The use of one Knowledge Module technology rather than another may dramatically change the performances:
– JDBC driver access versus database native loader
– INSERT.SELECT versus SELECT.INSERT
– If there is a Knowledge Module dedicated to your database, you should always prefer this one to benefit from database specifics
– Optimizer hints
– Multiple transaction levels
– Commit policies
1. Reduce the data movement between servers.
– Correctly locate the staging area.
– Correctly locate the transformations – filters, joins and mappings.
– Use Journalization / Change Data Capture.

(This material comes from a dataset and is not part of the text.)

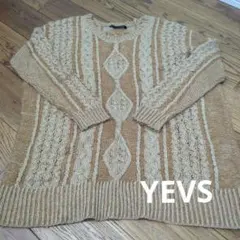 YEYS ベージュ ケーブルニットセーター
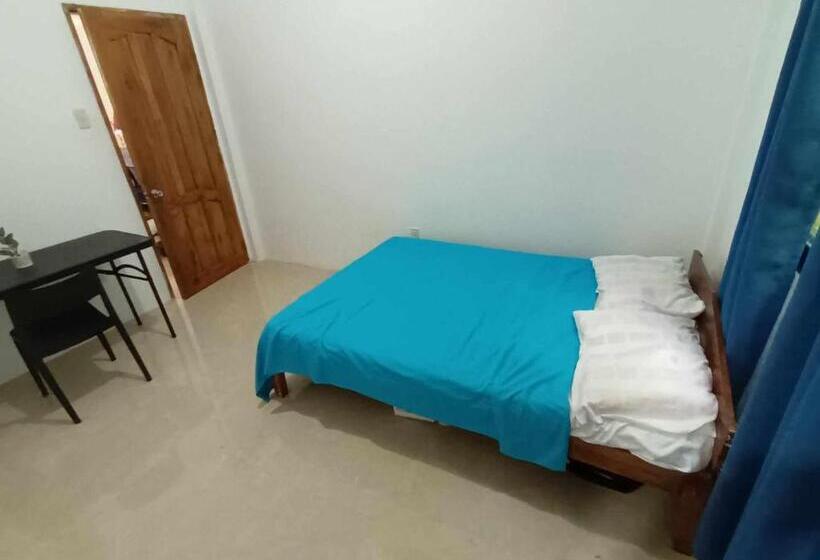 הוסטל The Soul Center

2. Accelerate the data movement by selecting best loading strategies. The methods used to move a data set from one server to another are determined by the Loading Knowledge Module (LKM) selected. ODI uses tree main methods to transfer data from one server to another:
– Data flowing through the Agent
– Data flowing through loaders
– Specific methods
Data flowing through the Agent: When data flows through the Agent following parameters can help us tune the data flow:
– Array Fetch in the source data server definition defines the size of the batches of records read from the source at a time and stored within the Agent.

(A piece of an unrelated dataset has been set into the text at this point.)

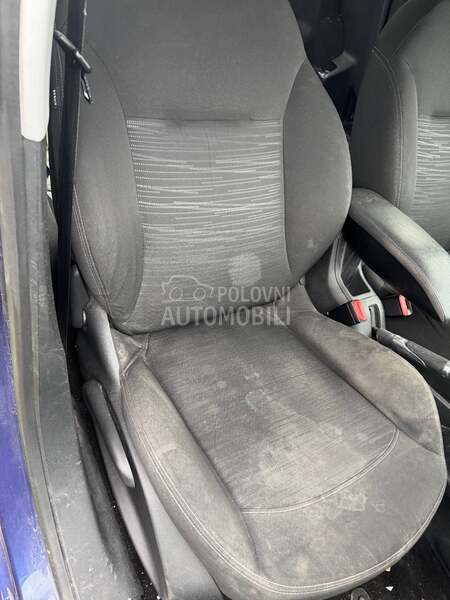 Prednja sedista za Peugeot 208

– Batch Update in the target data server definition defines the size of the batches of records written to the target.
The Batch Update/Array Fetch configuration is a compromise between network and Agent overhead.With a highly available network, you can keep low values (<30, for example).With a poor network, you can use larger values (100 and more). Array Fetch/Batch Update typical values are between 30 and 500.

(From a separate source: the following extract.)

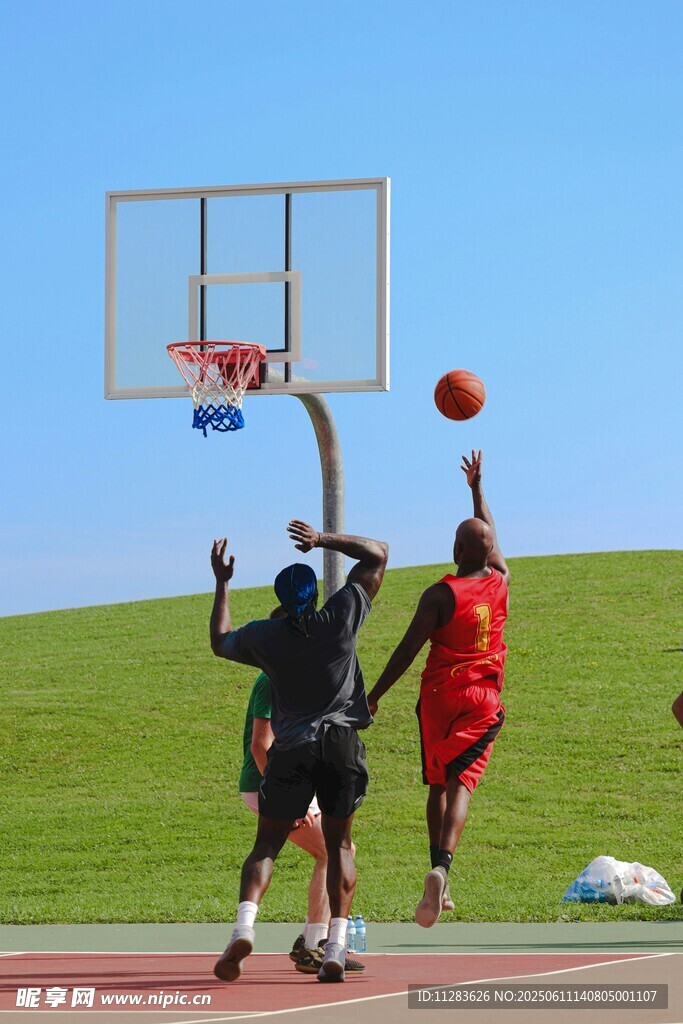 户外篮球场上的激烈对抗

Data Flowing through Loaders: When loaders are used to transfer data, the Agent delegates the work to external loading programs such as Oracle SQL*Loader, Microsoft SQLServer BCP, etc.Typically, data is extracted by the source system native loader to a file, and then this file is copied to the target machine and then loaded using the target native loader.Such calls require the loader to be installed on the machine running the Agent. It is also possible to use an ODI built-in unloader command called OdiSQLUnload.Loaders usually provide the best performances.
Specific methods: These methods include engine-specific loading methods, including:
– Server to Server communication through technologies similar to Oracle Database links (using OCI) or Microsoft SQLServer Linked Servers.
– File to Table loading specific methods such as Oracle External Tables.
– Creating AS/400 DDM Files and loading data through a CPYF command.
– Using an Unloader/Loader method through UNIX pipes instead of files for very large volumes.
Usually, the recommendation to achieve optimal performance is to use the KMs that leverage most of the specific native features of both the source the target technologies.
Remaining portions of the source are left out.